It starts small. A tiny seed, fragile and unassuming.
Getting something off the ground is no small feat, though. It may end up taking over your days and nights.
Which makes you so lucky, you’ve got something you care about so much, you’re giving it all. You don’t see that when it happens. It’s all deadlines, email sequences and offerings.
And your confidence or lack thereof (because some days are just grey) will spill into everything you do. Or do not do, for that matter. Some days feel like doing not much at all, as my couch will testify.
On days like that I dig deep into my hero skills and cherrypick. You can go at it from all sides or you can deliver one masterful stroke. Let me round some suspects:
Whatever’s been lying around, not getting much use, not bringing me much joy gets to walk the plank. A raid through the closet and kitchen cabinets will satisfy me some.

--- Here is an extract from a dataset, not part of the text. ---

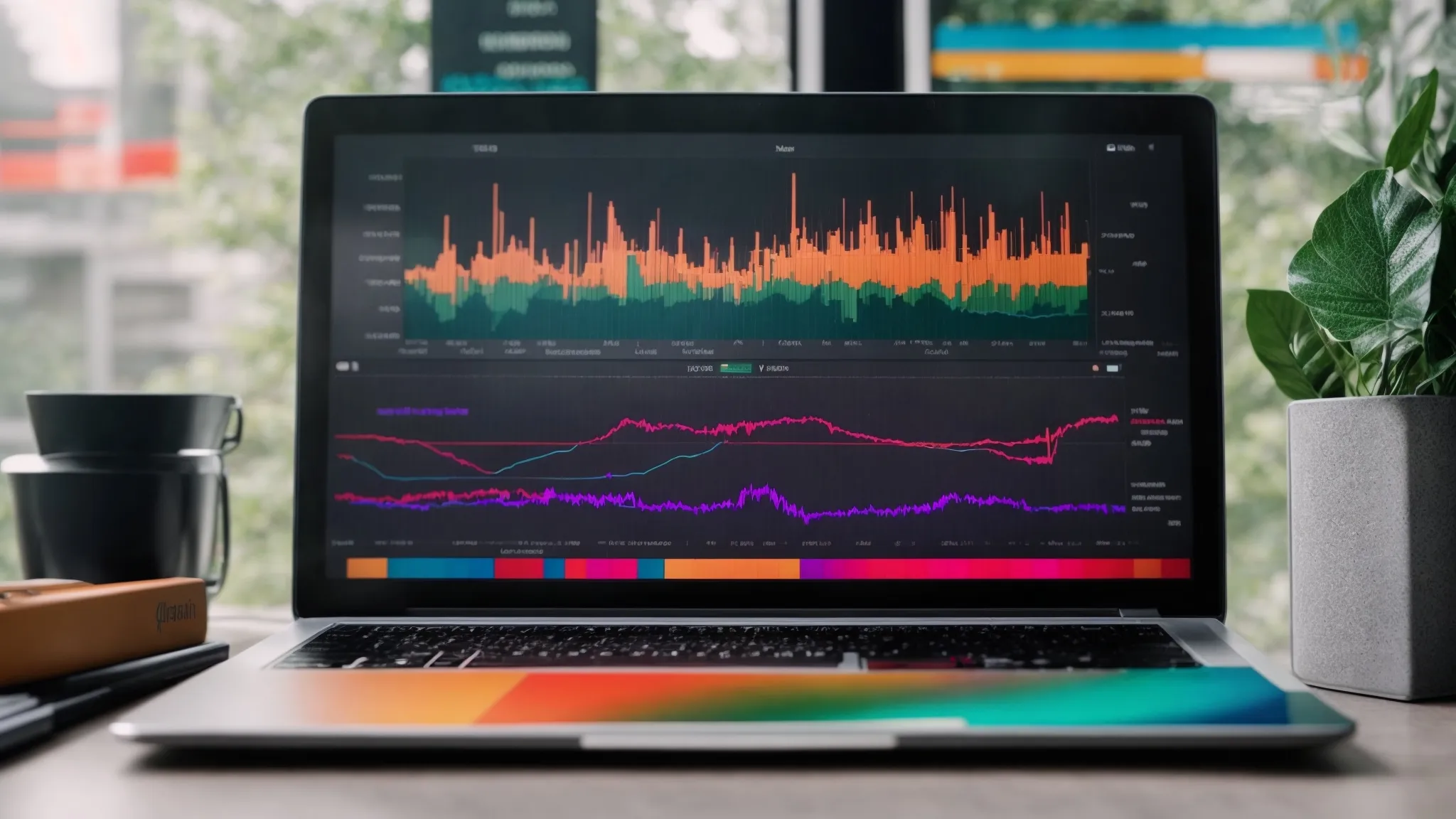 a laptop on a desk displaying colorful graphs and keyword analysis charts.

(I still can’t believe I parted with my favourite jeans. They were threadbare. Or the really fancy pair that looks good on bony models, but makes me feel like a flat bottomed middle-aged auntie.)
2. Do one thing, beginning to end
It can be quite small. Youtube chain watching does not qualify. Baking cookies does, for all those overachievers out there. Reading a 20 minute piece will work just fine.

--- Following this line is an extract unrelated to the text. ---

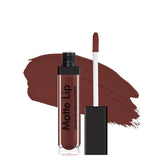 Matte lip liquid lipstick in deep maroon with applicator wand and color swatch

I’ve been meaning to read that story in The New Yorker about family rentals in Japan. It echoes my high school idea for a business: rent-a-wife. No, it did not involve any funky business. Yes, it does sound charmingly stupid.
3. Make a list
Because list making is one of the biggest joys in life. I will put down my to dos and meal plan for the week, my must haves in skincare and my latest insights I want to hang on to for a bit. May I suggest a Stuff-that-makes-me-feel-good list?
4. Go to the masters
Whoever they are. Dip your toes into their wisdom. For me, that’s watching an episode of “Comedians in cars, getting coffee.” Yes, I am fascinated with Jerry Seinfeld. Or I’ll flip through some of my how-to-be-an-artist coffee table books. Like the one on Alexander McQueen’s larger than life Savage Beauty show. (Because the creative process makes me go gaga and I’ll rummage museum shops like nothing else.) Star Wars books and comics will also do, if they’re your thing, that is.
5. Shut down the system
Before you do, try life-hack #2 reinvented: live something. Anything! Get out and buy broccoli. Call somebody and chat about the life affirming meaning of boredom. Count hairs on the floor in cow pose for 5 minutes on each side (you put one leg on top of the other, that’s why you get two sides. The pose is great for clearing through emotional knots, by the way.)
Assuming all else fails, head to the holiest of the holies: unplug and go to bed, preferably with a kids mystery book. There’s always tomorrow. But put your legs up the bedhead for 15 minutes first. That alone has a list of benefits longer than my arm.
PS That’s me and my friend getting caught up in life-hack #3.